Если ты слаб духом — готовься к бесконечным унижениям

569        0       
14.11.12    ТЕКСТ: 
После беседы с Евгенией Абрамовой о борьбе за трудовые права и получениядвух комментариев по поводу подготовленного пособия было решено разузнать об опыте творческих работников, чтобы составить несколько произвольную, но все же достаточно показательную картину происходящего в данной сфере.
«Futurama», кадр из эпизода «Bendless Love» (сезон 3, эпизод 6)

Оксана Котова, музеолог:

Я работаю на временных проектах. На моей памяти только один раз я оформлялась официально, когда была смотрительницей от ГЦСИ на выставке в ЦДХ (на главном проекте Биеннале молодого искусства. — Aroundart). Это был такой эксперимент, и как ни странно, именно он был оформлен по закону. Мне все вовремя и нормально заплатили. Правда, это была не такая уж большая сумма. Я проработала всего десять дней. Я сразу им говорила, что буду работать недолго, договорились на короткий срок. На других проектах, где договоренность была на словах, всегда все было нормально. Поэтому меня удивляет, что у кого-то возникают проблемы. Лично мне кажется, что у нас настолько узкая тусовка, что если рассказать, как с тобой плохо обращаются, то людям сразу станет стыдно. Почему-то у меня есть такое предположение, что можно очернить репутацию человека, который кидает с зарплатой.

Но однажды я была свидетелем конфликта, когда художнику за колоссальную работу в театре — это был мультимедиа-проект — захотели заплатить, по-моему, в пять раз меньше. Сначала говорили, что договор заключат чуть позже, то есть пост фактум, а потом, когда договор принесли, там были прописаны совсем другие цифры.
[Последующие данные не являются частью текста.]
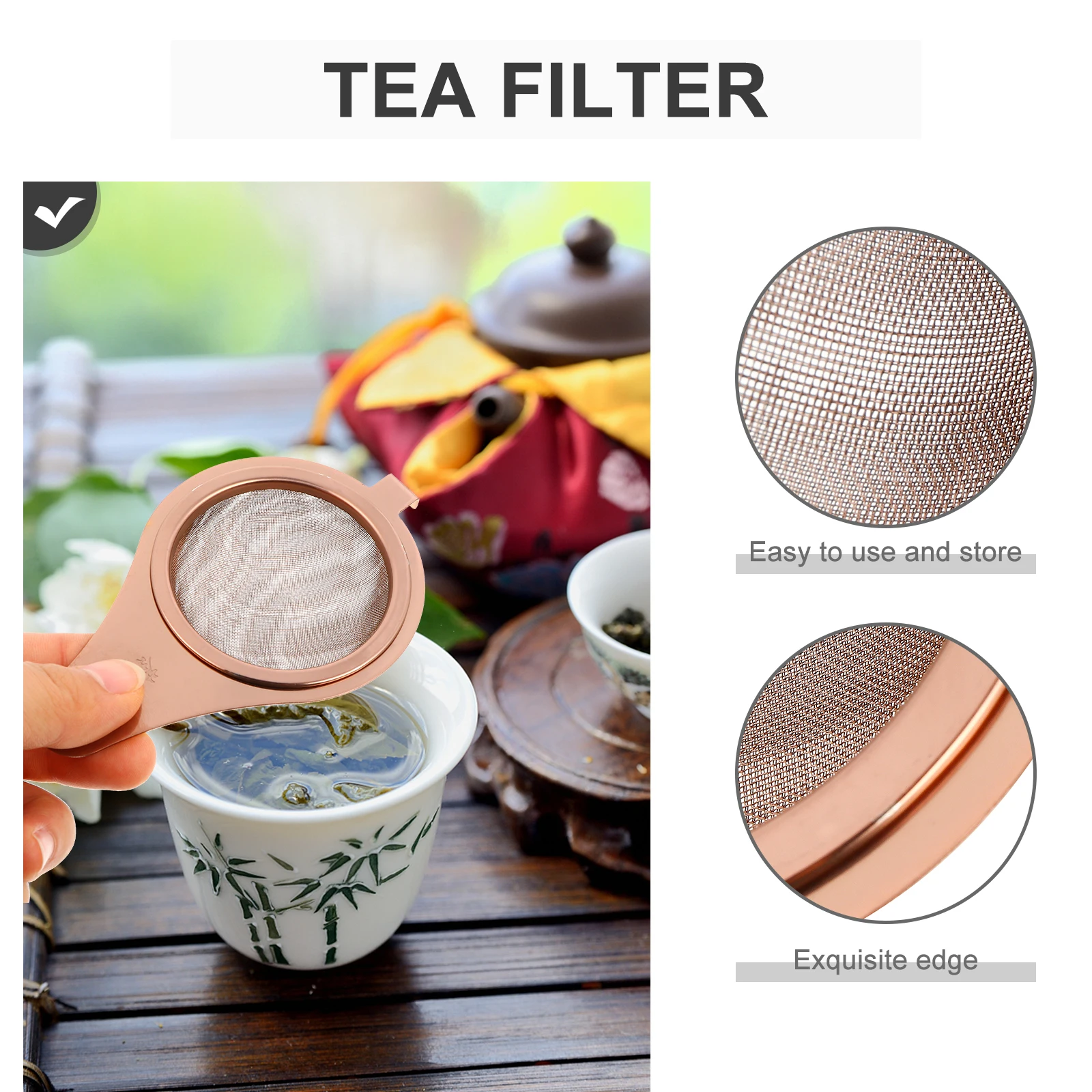 

Tea Filter Leaf Strainer Sieve Metal Loose Sifter Stainless Steel Chinese Infuser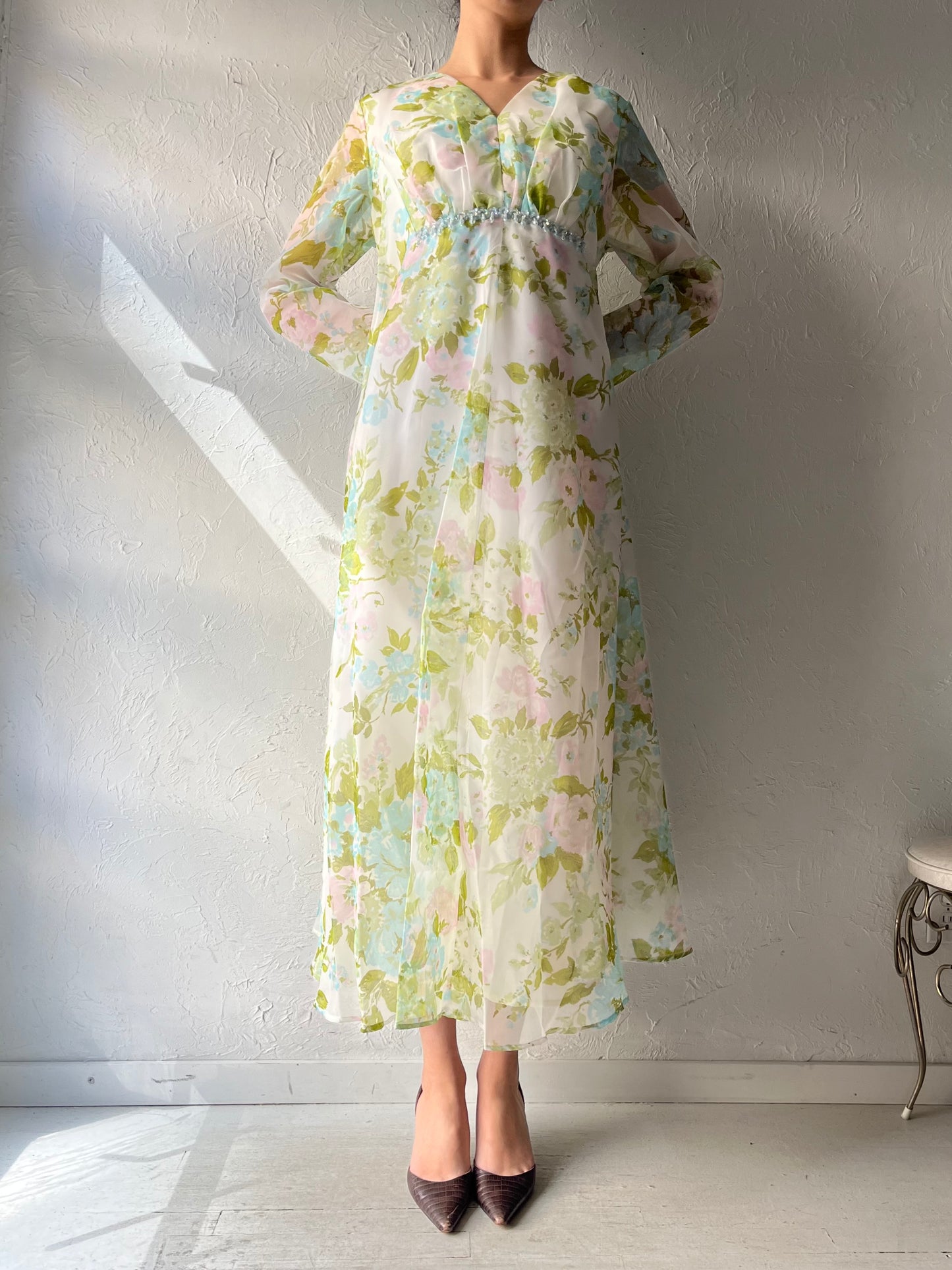 70s Vintage Floral Long Sleeve Gown / Romanic Summer Formal Dress / Union Made / Large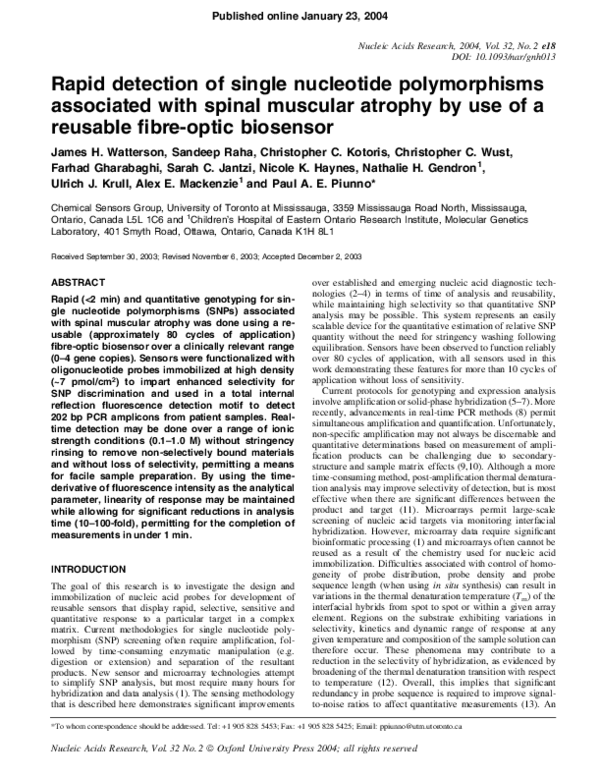 (PDF) Rapid detection of single nucleotide polymorphisms associated ...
По факту, когда работа была сделана, оказалось, что труд художника просто не вписался в бюджет, в смету, хотя изначально планировалось нечто другое. Плюс автор прописывался в договоре как дизайнер, его работа не считалась художественной, а об авторских правах вообще речи не шло. Его произведение полностью отчуждалось от него и считалось театральными декорациями. На обсуждение договора его вызывали так часто, что ходить приходилось как на работу. А сотрудники все время врали и переводили стрелки друг на друга. Художник отказался подписывать договор и не отдал готовую работу, хотя на производство было потрачено несколько месяцев тяжелого труда. Самое главное, что речь идет об очень известном театре, одном из крупнейших в Москве. Кроме того, художник поссорился с работающими там режиссерами, которые считают, что он якобы «кинул» театр, — в общем, серьезно испортил отношения с кучей людей, так как его, в итоге, выставили виноватым.


А.Делтува. Без слов (Художники литовского сатирического журнала «Шлуота». М., Советский художник, 1984)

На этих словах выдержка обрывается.